SMART TIP: Take the largest down payment you can get.
Getting a 20% down payment will greatly reduce the statistical likelihood of default (and make your note much more valuable). Remember when that’s what it took to buy a property? A 10% down payment is usually acceptable for an owner occupied single family residence (O/O SFR).
A down payment creates Protective Equity. Protective equity protects the seller (note holder) from financial loss if the buyer (note payor) defaults.
The larger the down payment, the greater the instant equity a buyer has. Think of a down payment as the layer of cream on a fresh cup of milk. The thicker the layer of cream, the richer and tastier it is (and the more you’ll have to fight your brother for it).

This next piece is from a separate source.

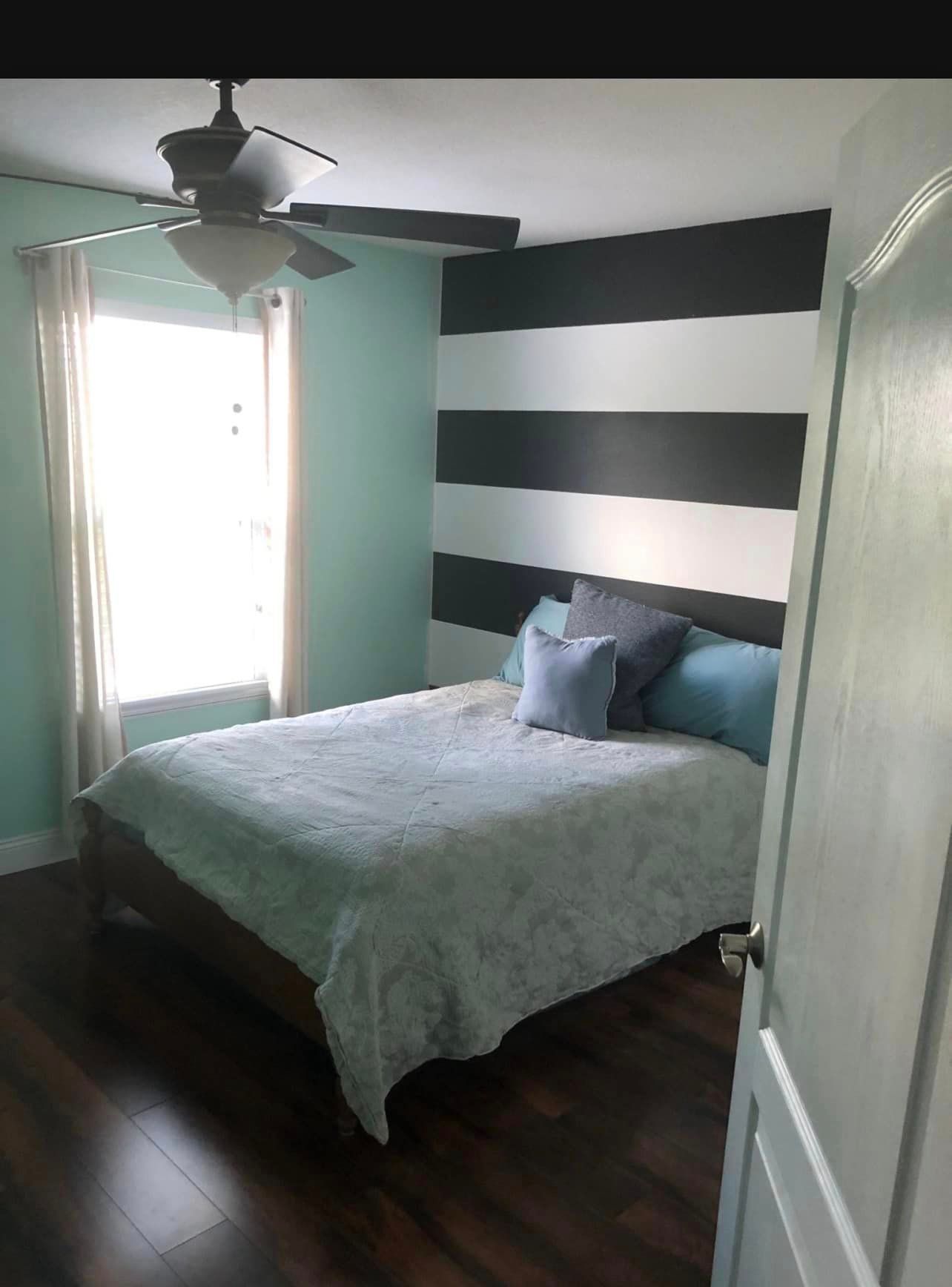 Professionally cleaned guest bedroom showing results of detailed house cleaning services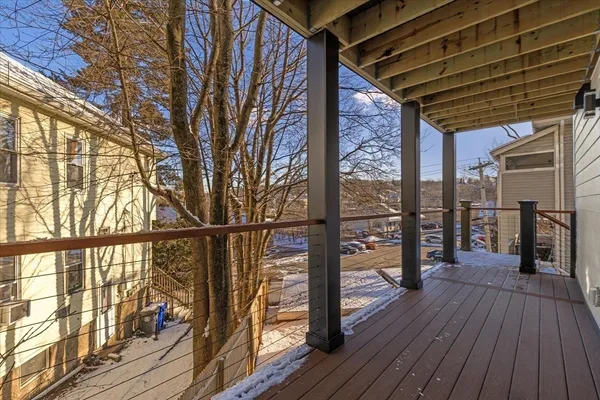 a view of a balcony with wooden floor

If you get a 20% down payment or more, then you’ll have a note that’s worth holding or selling. It’ll be rich and tasty, and note buyers will fight each other for the chance to buy it (which translates into a higher price/smaller discount, right?).
If you’re going to take a small down payment, you’ll want to find a way to reduce or eliminate your exposure to foreclosure (or the risk that a note buyer will have if they buy your note).
Perhaps you’ll want to create two notes instead of one (and only sell the first), or you can see if the buyer has equity in other property that he would be willing to pledge as additional collateral. Or, you can use the Title Holding Land Trust to avoid foreclosure altogether.
Always consult with your CPA, tax attorney and/or financial advisor before selling property or paper.